Clouds on the horizon

This article is part of
Quest for the Holy Grail

Remember that for an investor who is either approaching, or is in the at retirement phase of their lives, there is the need to balance income requirements, stability of capital value and security along with inflation protection. 

To beat inflation, we recommend dividing capital into three portions based on the time horizon for use of the capital. So, using the horizon analogy, an astute bond investor could apply the following formula:

1.    Horizon one: 0-5 yrs. Short-dated corporate bonds and high yield bonds (2.5 per cent net)

2.    Horizon two: 5-10 yrs. Corporate hybrid capital, and asset-backed bonds (3.5 per cent net)

3.    Horizon three: 10 years+ Corporate hybrid capital and subordinated financial debt (5 per cent net) 

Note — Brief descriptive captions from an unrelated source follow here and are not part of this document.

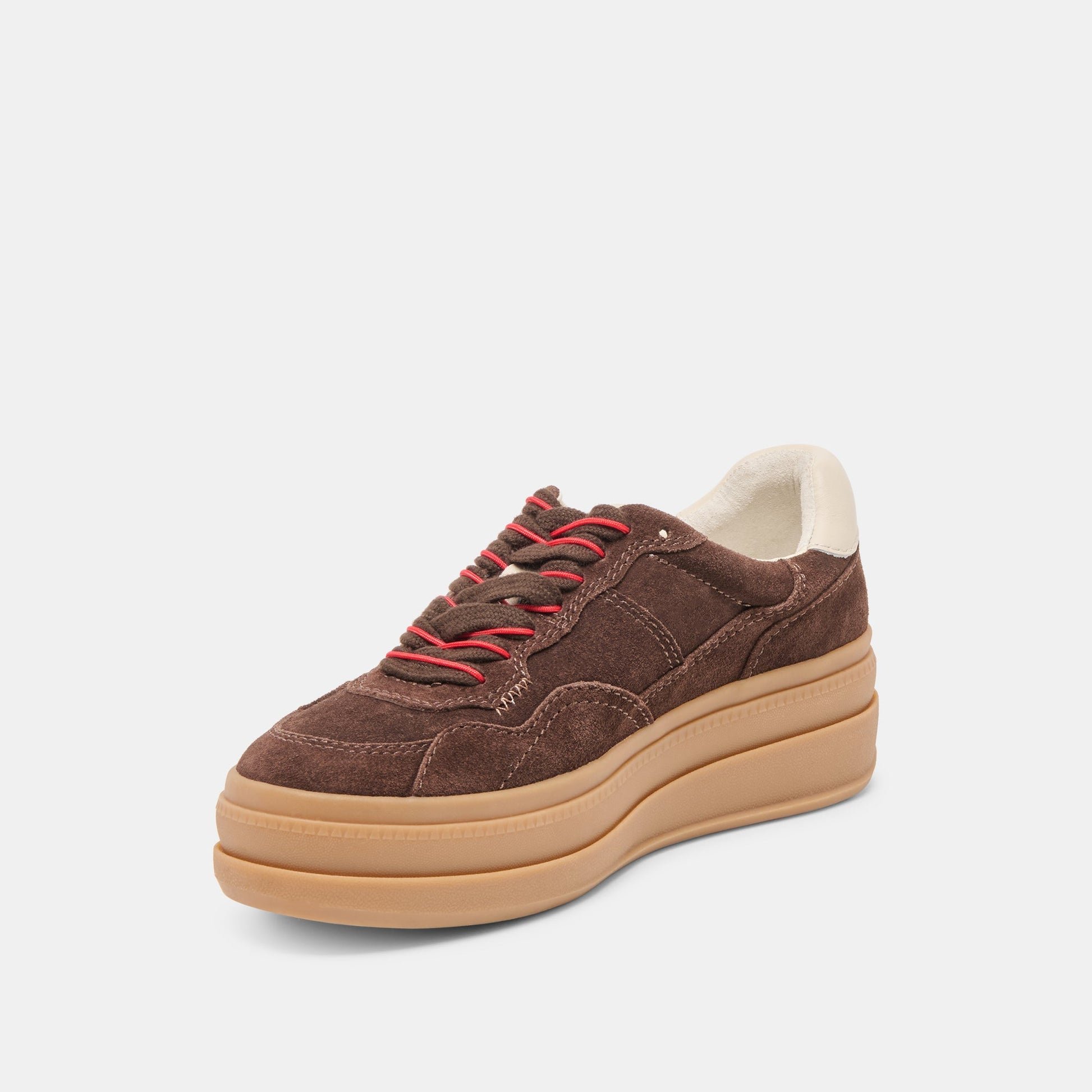 Naomy H2O Waterproof Dk Brown Suede Sneakers Dolce Vita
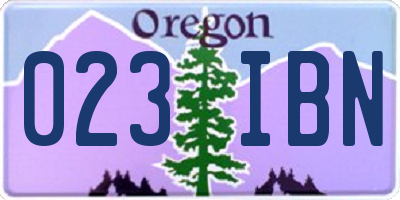 OR license plate 023IBN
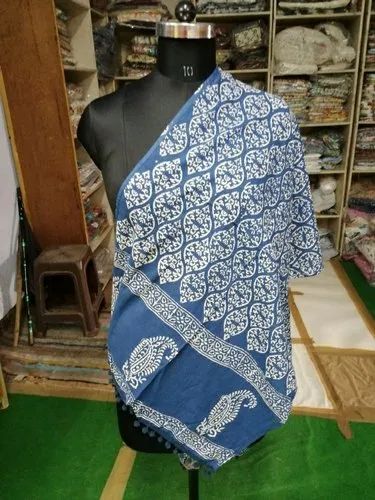Indigo Print Stole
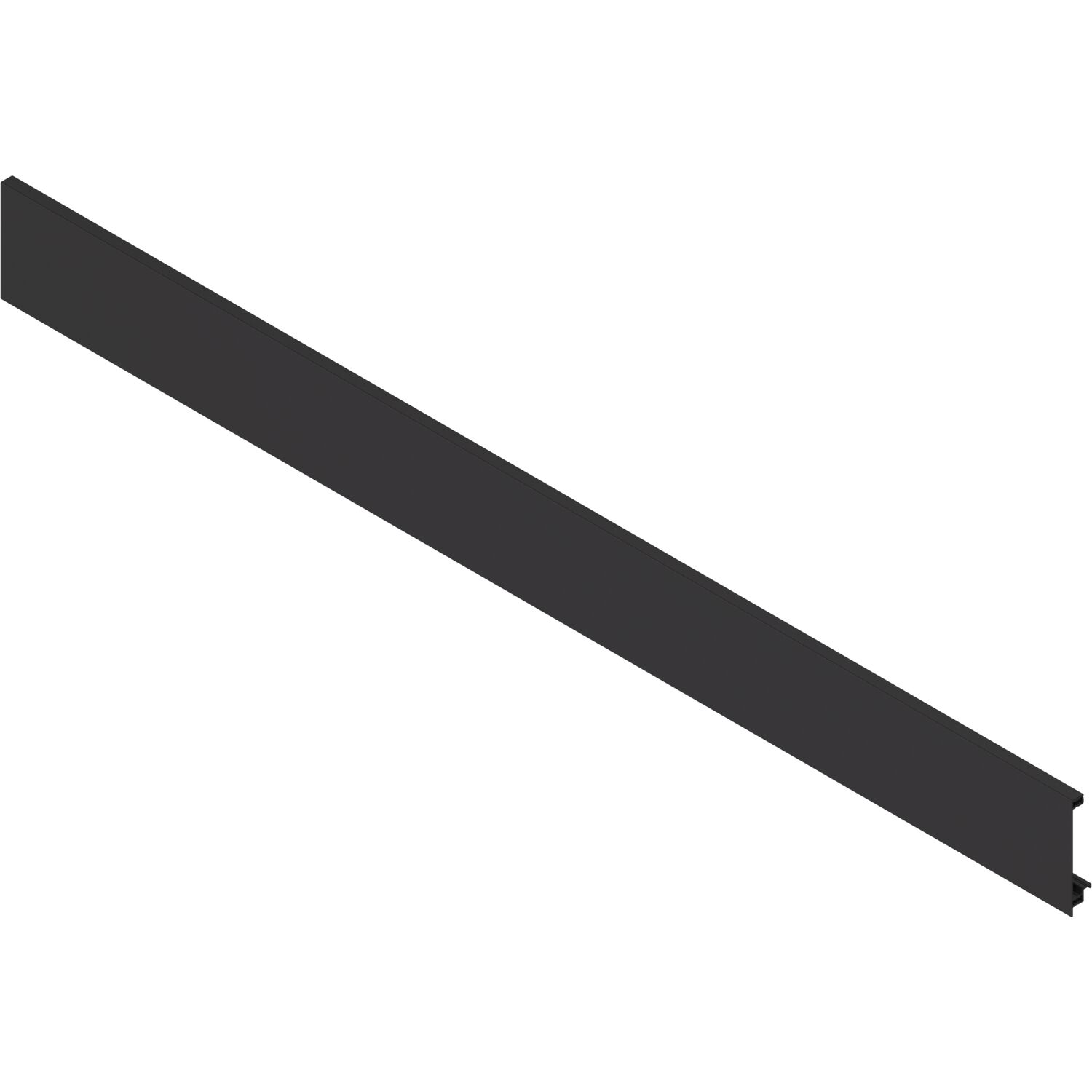 blum LEGRABOX Vorderstück ohne Nut, Länge 1043 mm, Aluminium Carbonschwarz-matt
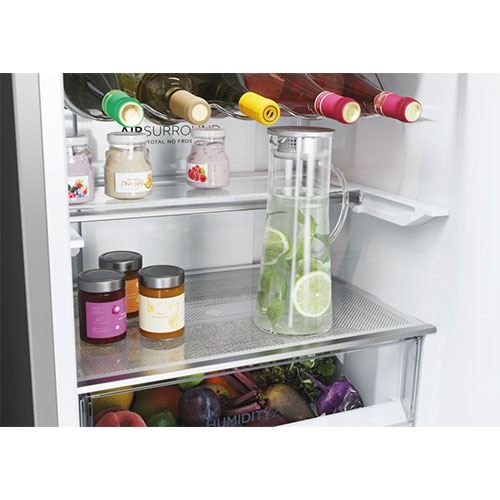 Frigorífico Combinado Haier HDPW5618DNPK | 185x59.5x66.7 cm | 352 L | D | Silver - Image 8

Take Horizon three as an example. This capital is not needed for 10 years and so can withstand some volatility as long as the bonds ultimately pay back and deliver the promised return. Here, an investor can buy five to seven-year hybrid capital and subordinated debt from the UK’s largest companies such as Aviva, Lloyds Bank and National Grid, where yields can be as high as 6 per cent.

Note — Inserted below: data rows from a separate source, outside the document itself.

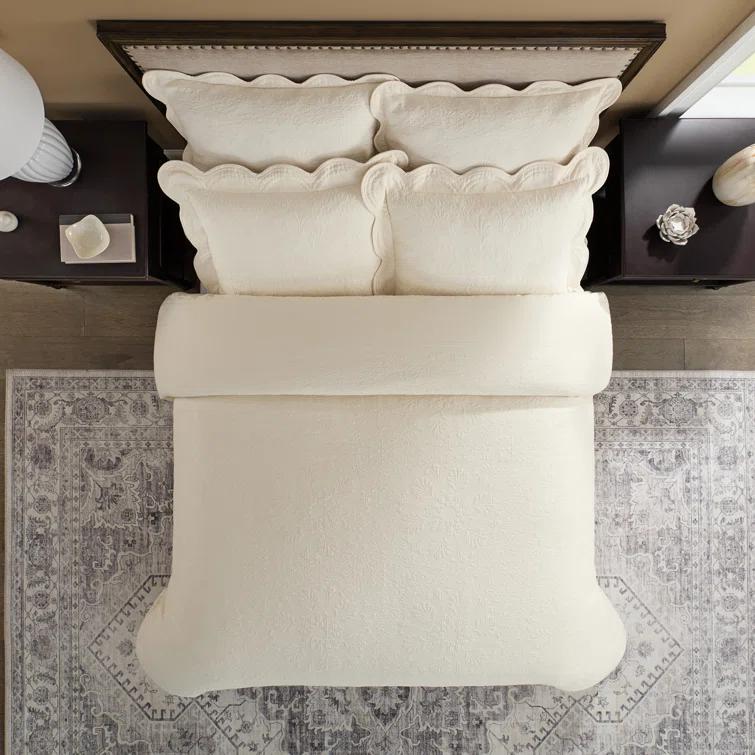 Historic Charleston Historic Charleston Charleston Estate Sham, Scalloped Pillow Cover, Single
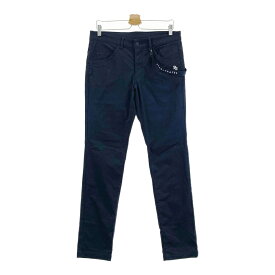 PEARLY GATES パーリーゲイツ ストレッチパンツ ネイビー系 5 【中古】ゴルフウェア メンズ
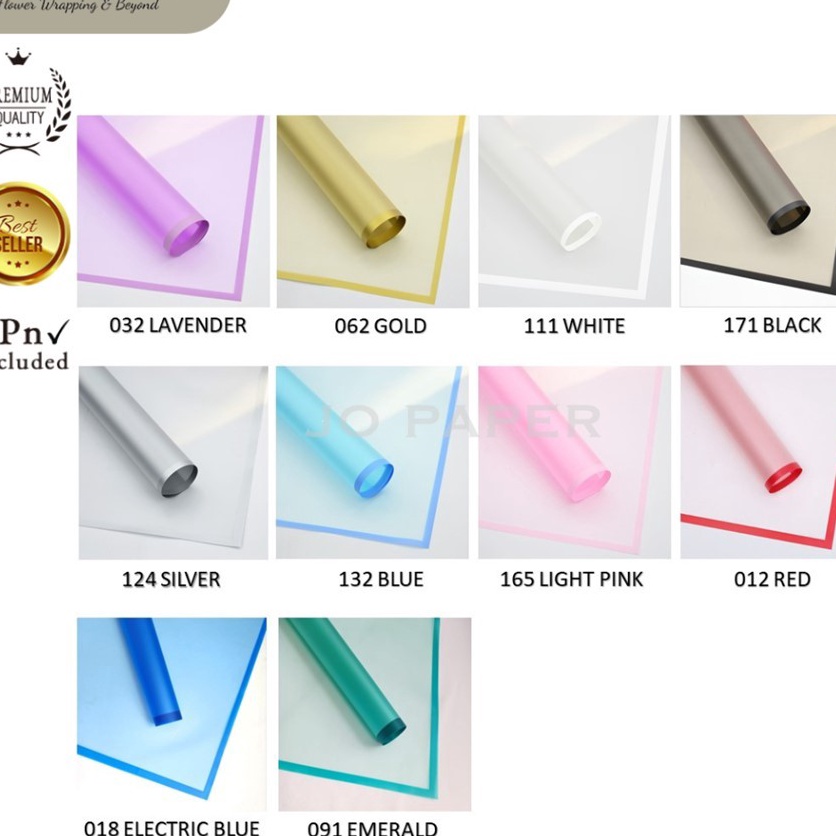 

Spesial 2 LEMBAR Flower Wrapping Paper Transparan List Kertas Buket Bunga Korea Cellophane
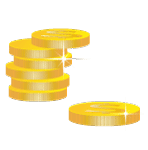 کلیپرت وکتور سکه های طلایی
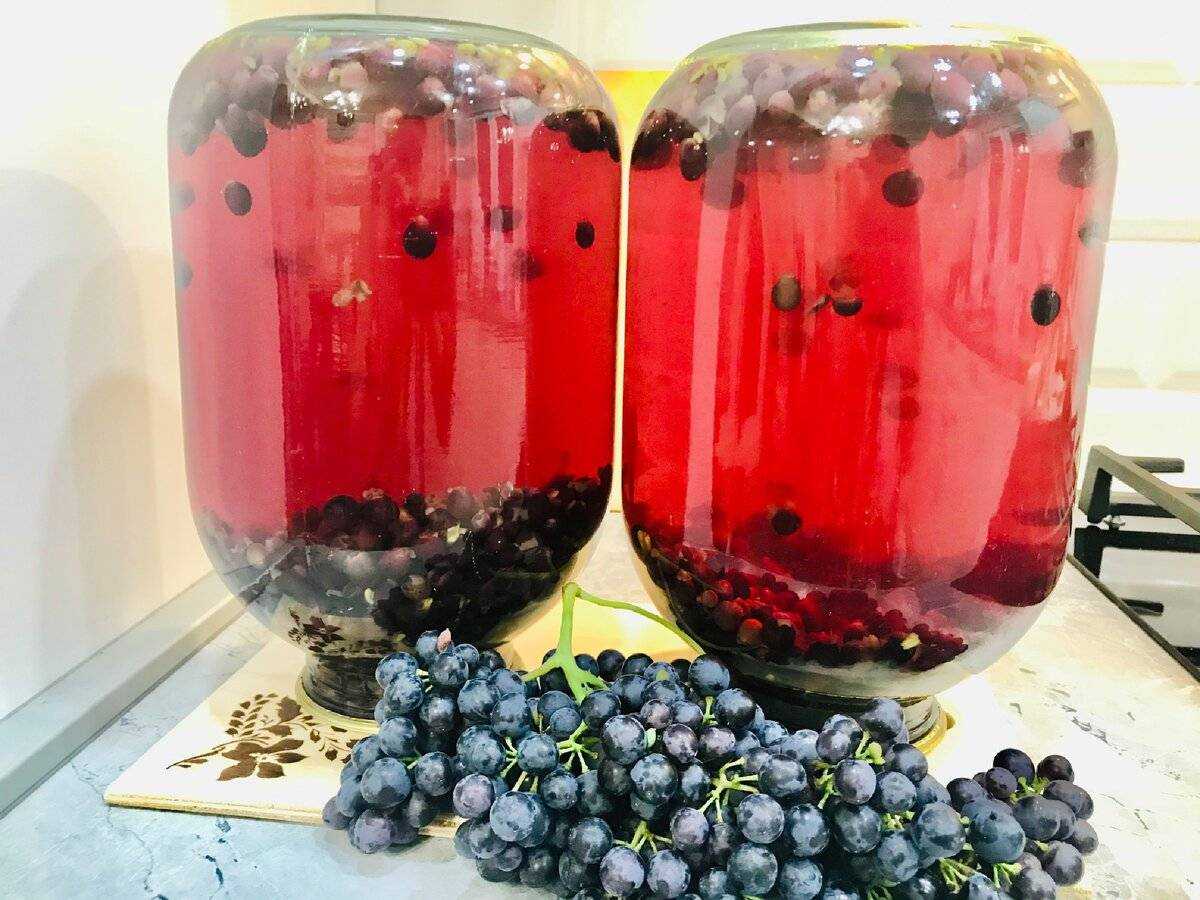 Компот из винограда на зиму: рецепт, как варить, как закрыть, с чем сочетается виноград в компоте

Taking this precedent, 5 per cent net of fees beats current and medium-term inflation. In the event that there is a further increase in inflation and interest rates do go up then re-investment rates will be at even higher future yields.

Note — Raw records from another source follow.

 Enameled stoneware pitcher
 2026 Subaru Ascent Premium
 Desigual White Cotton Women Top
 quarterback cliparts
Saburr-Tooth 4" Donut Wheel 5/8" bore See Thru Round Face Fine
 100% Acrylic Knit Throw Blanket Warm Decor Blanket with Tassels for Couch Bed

Remember three key points to beat inflation using bonds:

1.    The greater the duration (horizon) mismatch, the more risk will be taken on higher future rates.

2.    Most investors still don’t get it – the biggest risk for bond investors is that future yields are lower, not higher.  

3.    With modest but sustained inflation and somewhat higher interest rates, the largest banks and insurance companies are good place to invest in lower ranked bonds. Don’t fight yesterday’s battles. 

 

Peter Doherty is a fund manager of Tideway Investment Partners

Key points

 A widespread and largely unexplained feature of investor behaviour during this current bond bull market has been that portfolios with long-dated liabilities have been managed “short duration”.

Boring and complete “asset liability matching” was the low cost option to avoid the punishingly high cost of re-investing.

The best way to beat inflation using bonds is do something similar to those investors who lost out in the past 35 years.